Weddle’s place on this list makes him the number one safety of the last decade by PFF, and deservedly so. The former second-round pick did just about everything for the Chargers. Weddle’s consistency on the back - something PFF continues to rave about - has been sorely missed from the team since he signed with the Ravens mid-decade but that issue was resolved much sooner than expected when the team landed Derwin James just a couple years later.
At the end of the day, there were a number of great safeties that played during the 2010s, but Weddle’s spot atop them all just speaks volumes about his play, no matter the jersey or team he played for. He was never the most physically-gifted or athletically-blessed, but by golly was he as smart as anyone to roam a secondary. The game is going to miss him, but man did he leave a lasting impression on everyone he had the chance to be around.
No. 12 Chris Harris Jr.
Decade statistics (2011-2019): 518 total tackles, 23 tackles-for-loss, 4.5 sacks, 20 interceptions, four pick-6s, 86 pass breakups, six forced fumbles, four fumble recoveries
PFF’s Sam Monson: “Chris Harris Jr.’s career has been a remarkable thing to behold. An undrafted player out of Kansas, Harris forced his way onto the team as a nickel corner, played so well he earned snaps outside in base and then so well at that that he became a true No.1 cornerback who didn’t even play in the slot anymore.

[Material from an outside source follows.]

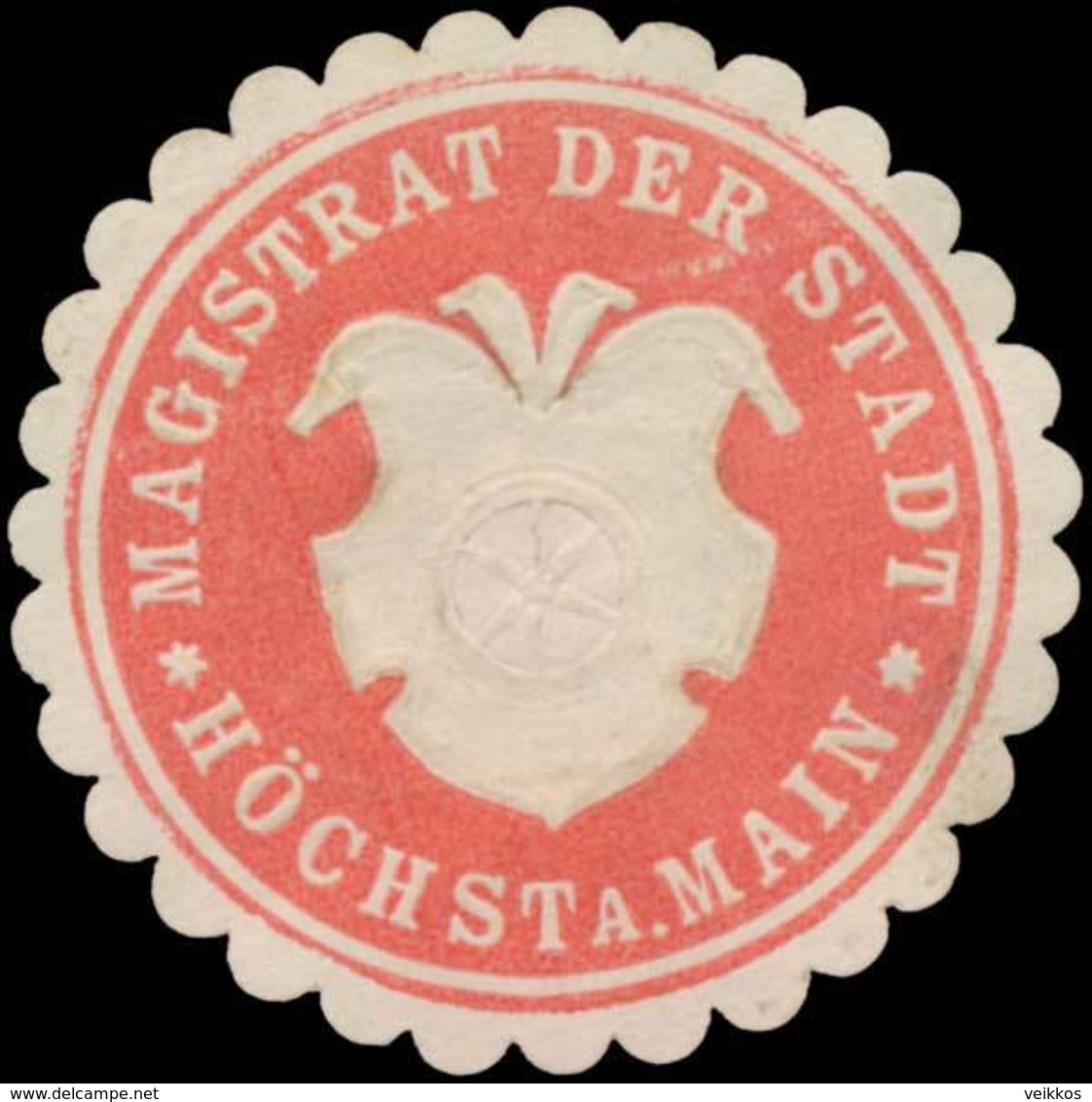Höchst/Main: Magistrat Der Stadt Höchst Am Main Siegelmarke - Cinderellas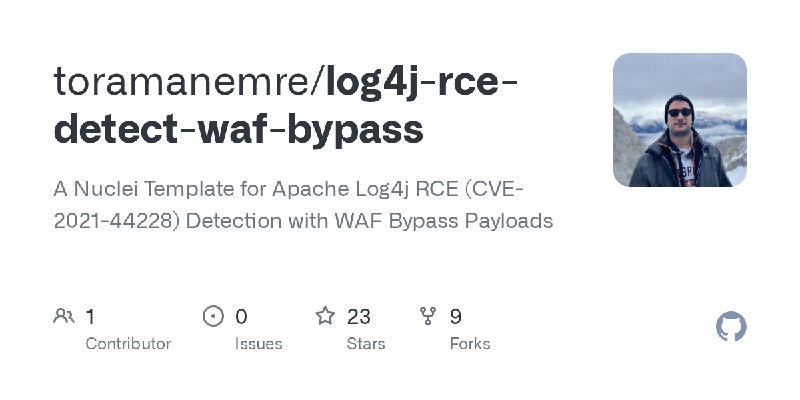 GitHub - toramanemre/log4j-rce-detect-waf-bypass: A Nuclei Template for Apache Log4j RCE (CVE-2021-44228) Detection with WAF Bypass…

Harris has been targeted over 600 times in the decade, and yet surrendered just 6.3 yards per reception. Over the course of the 2010s, only Richard Sherman allowed fewer receiving yards per snap in coverage than the 0.89 Chris Harris did, and nobody did it with a more varied role within his defense or a tougher path to success than hitting the league as an undrafted free agent.”
Harris made these rankings with zero snaps played as a Chargers, but that doesn’t mean the team who now employs him can’t get excited about it. Even after one bad season where he was forced to play a lop-sided amount of snaps on the outside - compared to splitting snaps down the middle throughout the season - there’s no reason to believe Harris won’t snap right back with some positive regression.
Only two out of Harris’ nine NFL seasons have come and gone without him recording at least one interception: his rookie season and his 2019 campaign. If history is anything to believe, Harris’ play in 2020 wis much more likely to resemble the years from 2012-2018 than his latest rendition.
Behind the Niners’ Richard Sherman, Harris makes this list as the No. 2 cornerback in the entire NFL over the last decade. After seeing how often he terrorized Philip Rivers over that time period, fans should be thanking their lucky stars they don’t have to face him twice a year anymore.